El principal desafío consistía en que mientras que Deborah era inteligente, como todos los miembros de la NASA, el genio de Ruth hacía casi imposible poder llegar hasta ella. Probablemente su coeficiente intelectual estaría cuarenta puntos por encima del de todos los demás, pero en su afán por detener la plaga, el agotamiento hacía que se dejara llevar por su estado anímico durante días y días. Sus bromas eran tan certeras como la hoja de un bisturí. Podía herir a todo el mundo sin proponérselo.

Deborah también se diferenciaba de ella en otro sentido. Carecía de la imaginación de Ruth, lo cual le parecía una ventaja. Pensaba que la gente que era demasiado inteligente corría el riesgo de perder el contacto con lo que significaba ser normal y no llegar nunca a comprender los mecanismos básicos del comportamiento social. Desde el momento en que la conoció, Ruth había sido una figura polarizadora, o bien atraía a la gente o bien la repelía. Al igual que Deborah, había personas que experimentaban ambas sensaciones al mismo tiempo, sintiéndose atraídas hacia ella pero incapaces de identificarse personalmente con la intensidad que irradiaba.

Deborah quiso que fueran amigas, y en un principio caminaron en esa dirección. Pero fue entonces cuando Ruth la traicionó. Cuando la tripulación de la EEI regresaba a la Tierra, la pista de aterrizaje resultó ser demasiado estrecha para el transbordador espacial. La
Endeavour
se salió de la pista, matando a Derek e hiriendo a casi todos los demás. Necesitaban tener a Ruth trabajando en los laboratorios de los nanos; pero ocho días después desapareció para unirse a la conspiración para interceptar la expedición a Sacramento, California, donde esperaban recuperar los diseños originales de la plaga de máquinas.

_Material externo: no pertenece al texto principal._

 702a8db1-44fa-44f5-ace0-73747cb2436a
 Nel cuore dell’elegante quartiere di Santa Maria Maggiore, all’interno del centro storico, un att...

Deborah jamás pensó que volvería a verla de nuevo. Y cuando lo hizo, se sintió aliviada por el mero hecho de poder ver un rostro familiar. Habían tenido que producirse nada menos que dos milagros para que pudieran volver a reunirse. A Deborah no le sorprendió que Ruth tuviera la tenacidad necesaria para caminar desde Sacramento hasta los límites del desierto de Nevada, ni que hubiera conseguido no ser detectada por los aviones enemigos que sobrevolaban California. Lo más sorprendente fue que Deborah recibió órdenes para abandonar Leadville pocos días antes del bombardeo. El que había sido aspirante a amante de Ruth, Nikola Ulinov, era también un importante diplomático ruso y amigo personal de Deborah. Aprovechando la autoridad que había ejercido en la EEI, Ulinov instó a Deborah a que actuara por sí misma.